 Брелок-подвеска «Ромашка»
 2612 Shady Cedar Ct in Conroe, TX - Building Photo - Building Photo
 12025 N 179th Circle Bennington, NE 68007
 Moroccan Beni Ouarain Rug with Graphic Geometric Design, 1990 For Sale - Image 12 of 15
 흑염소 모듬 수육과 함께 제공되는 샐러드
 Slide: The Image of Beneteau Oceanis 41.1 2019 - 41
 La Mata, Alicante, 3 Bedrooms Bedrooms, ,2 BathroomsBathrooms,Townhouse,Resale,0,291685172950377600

------

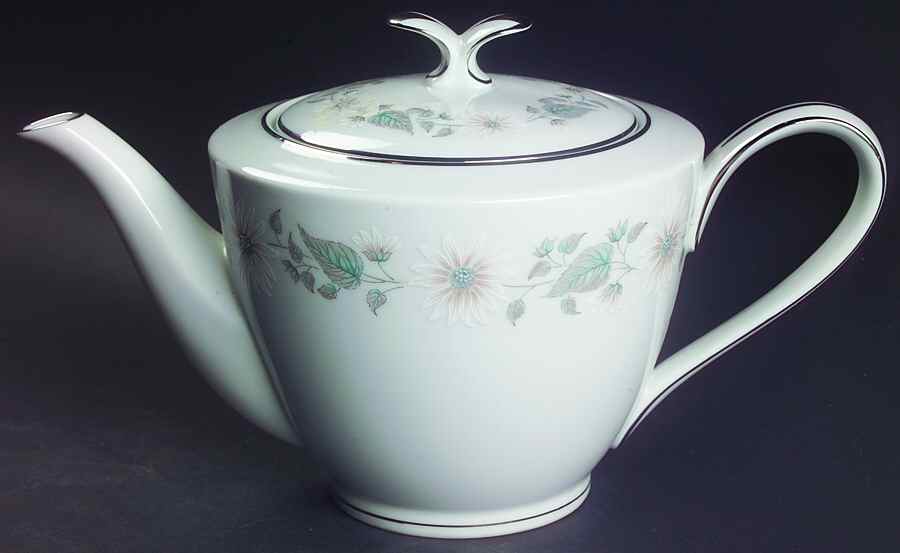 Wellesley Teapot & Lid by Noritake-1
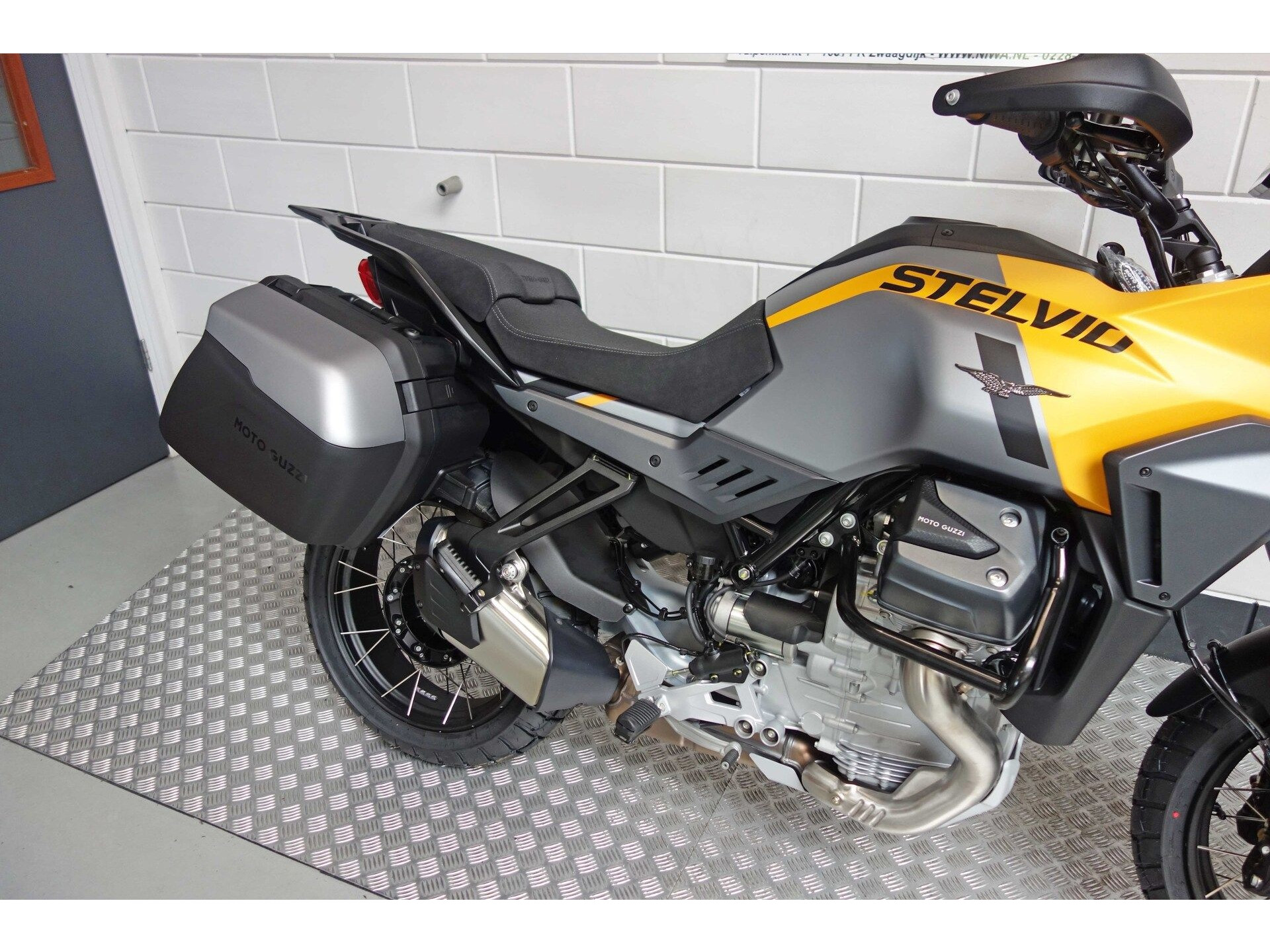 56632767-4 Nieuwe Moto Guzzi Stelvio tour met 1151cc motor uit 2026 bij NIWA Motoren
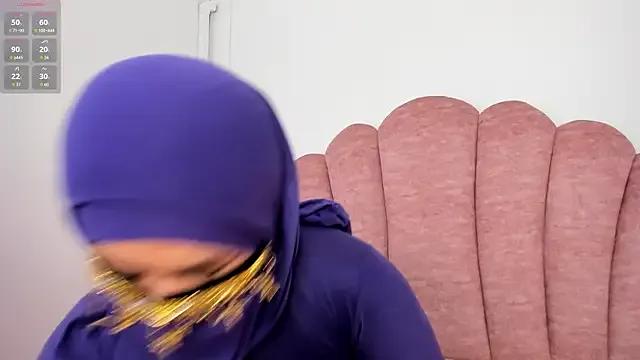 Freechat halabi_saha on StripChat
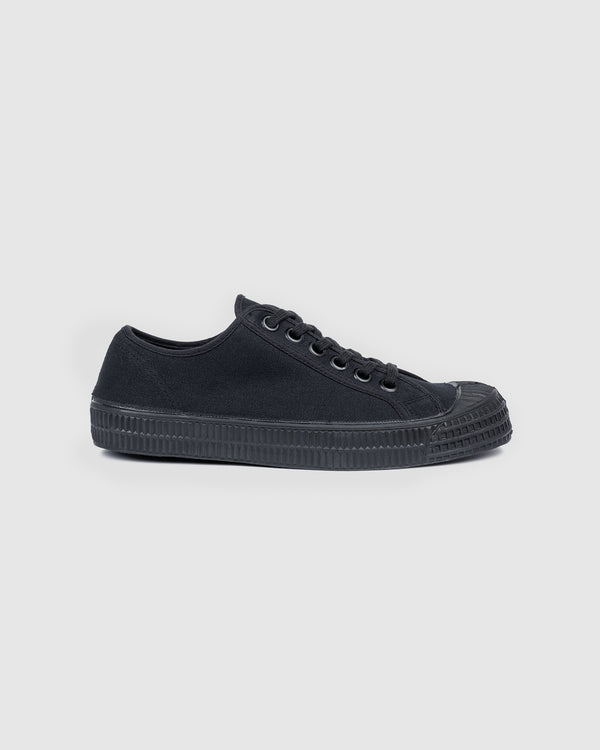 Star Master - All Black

------

:: DESCRIPTION OF THE TASK ::
Copy the listing above exactly, but only from the line with "Freechat halabi_saha on StripChat" through the line with "Star Master - All Black", including those two lines and excluding any picture.

:: WRITTEN SOLUTION ::
 Freechat halabi_saha on StripChat
 Star Master - All Black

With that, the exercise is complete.